Timber is tricky, and to achieve predictable, consistent results, Daizen specializes in controlling it. Many people don’t understand how wood can be so varied in its behavior: wood is wood, right? Well, in fact, there are many, many variables. Wood fiber is a natural product. No two trees, even of the same species, are exactly the same; timbers behave differently in different drying processes (air or kiln dry, for example).
Part of our timber drying test.
To clarify how we evaluate information, we conducted a test of kiln drying behavior, comparing two species of Douglas fir (coastal and interior) that we use very frequently. We compared wood from two locations on each tree (boxed heart: BH; free of heart center: FOHC) and, for the interior D. fir, we also compared two stages of dryness:green—live when cut—and standing dead (SD). (Coastal D. fir is not subject to as many fires, since it’s much wetter.)
Timbers are planed square, to exact size, in order to monitor the changes after drying.
The coast’s mild, rainy climate causes trees to grow larger and faster. In the interior’s climate, colder winters and hotter summers make for slow growth and very tight winter growth rings, which in turn means the fiber is denser than the coastal version.
We took samples by drilling to the core and placing the chips into sealed containers so as not to lose moisture.
We prepared six timber samples (coastal D. fir: BH and FOHC; interior D. fir: BH green and SD; FOHC green and SD) and planed them to the exact same size (7½ x 11½ in.) to measure the dimension loss—shown in this PDF chart in the “After drying” row. This chart is a comprehensive report of all our test results.
A normal moisture meter gives only an indication of moisture, not a precise reading. Moisture varies even in different spots in one timber; accuracy requires taking several readings to arrive at an average read. The most accurate measure comes from several readings plus measuring the weight difference after drying.

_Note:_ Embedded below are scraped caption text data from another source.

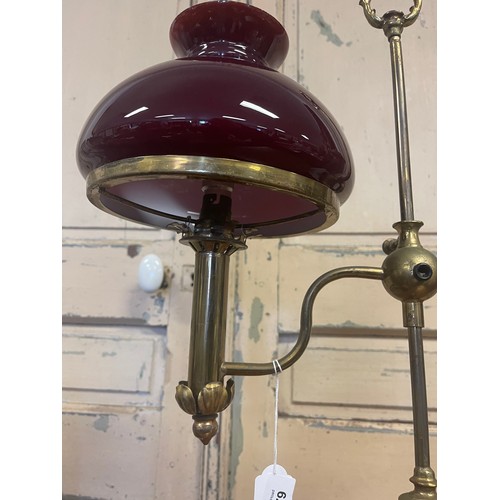 1379 - Antique students brass desk lamp, with deep red glass shade, approx 52cm H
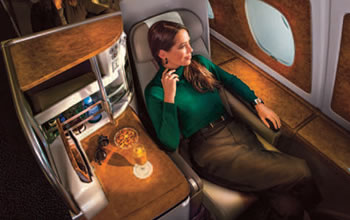 Lady sitting in business class on flight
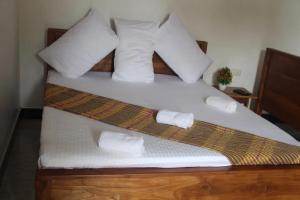 a bed with white pillows and two towels on it at Rose Lagoon Hotel in Vakarai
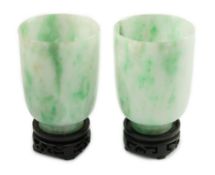 A pair of Chinese jadeite cups, the white stone with emerald green veining, 6.2cm high, wood stands,
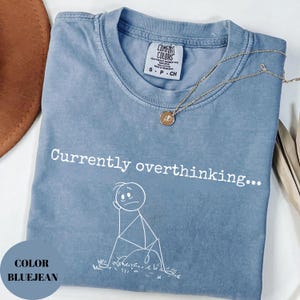 K&ouml;nnte beinhalten: Blaues Jeans-T-Shirt mit dem Text "Currently overthinking..." und einer Strichm&auml;nnchen-Grafik. Eine goldene Halskette mit Anh&auml;nger liegt auf dem Shirt. Das Shirt ist gefaltet und hat ein Comfort Colors-Etikett.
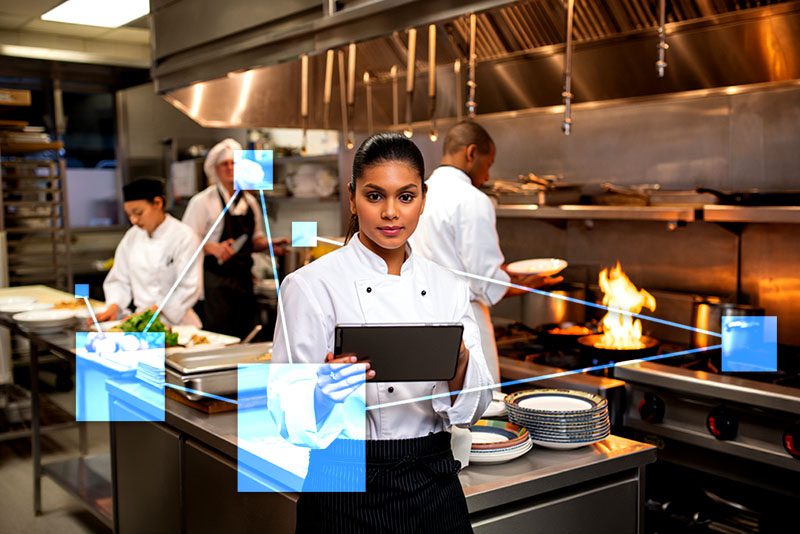 Chef managing kitchen staff, menu and food costs with TVI directly integrated with inventory, CRM and accounting. 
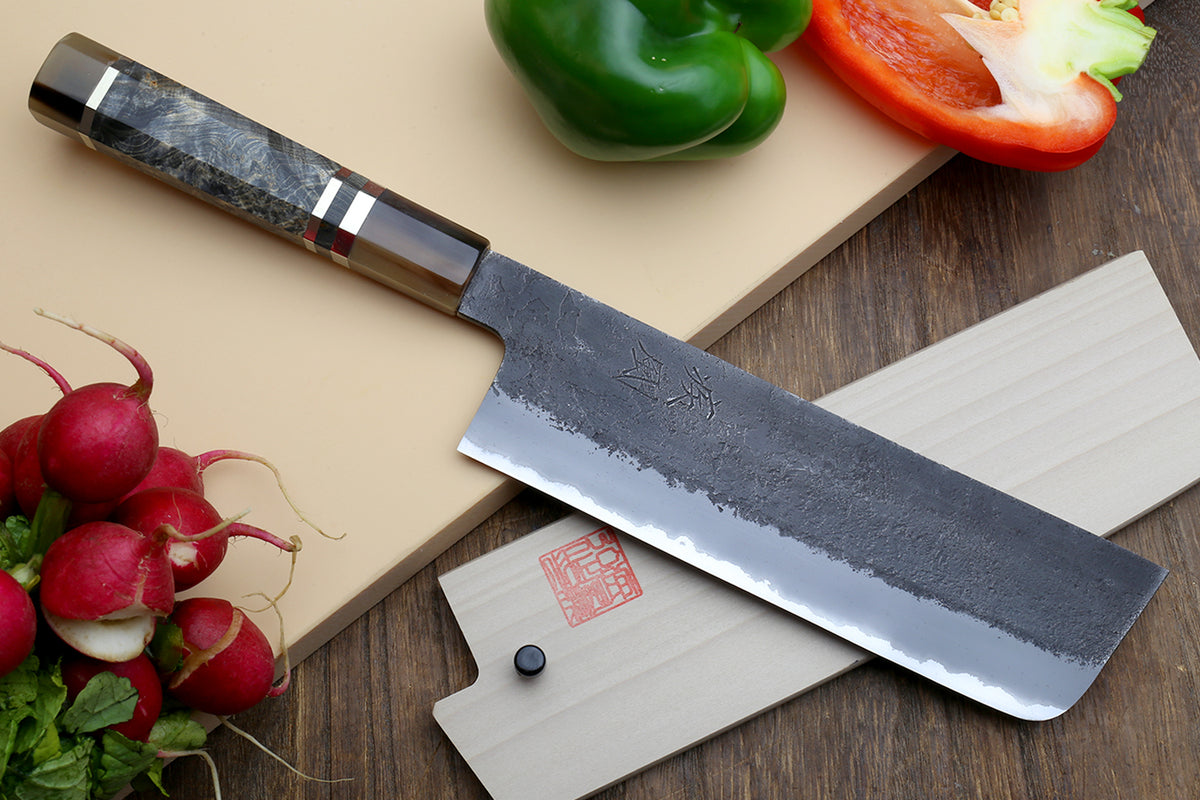 Nakiri vegetable knife with wide blade, visible tang stamp, and blue-gray patterned handle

This moisture meter measures the weight difference before and after drying in its built-in oven. It also calculates for moisture content. This can also be done with an accurate scale and a microwave at home.
Since BH timber often splits lengthwise, kiln drying it may result in dryer timber since more surface area is open to moisture escaping. So we tested both BH and FOHC timber, for further comparison.
Our conclusions: if kiln drying, coastal Doug fir gives better results, but interior Doug fir may perform better in air drying. We have several test sets in air drying now; the full cycle will take two to three years, and we are measuring every couple of months.
Samples resting on their timbers after kiln drying.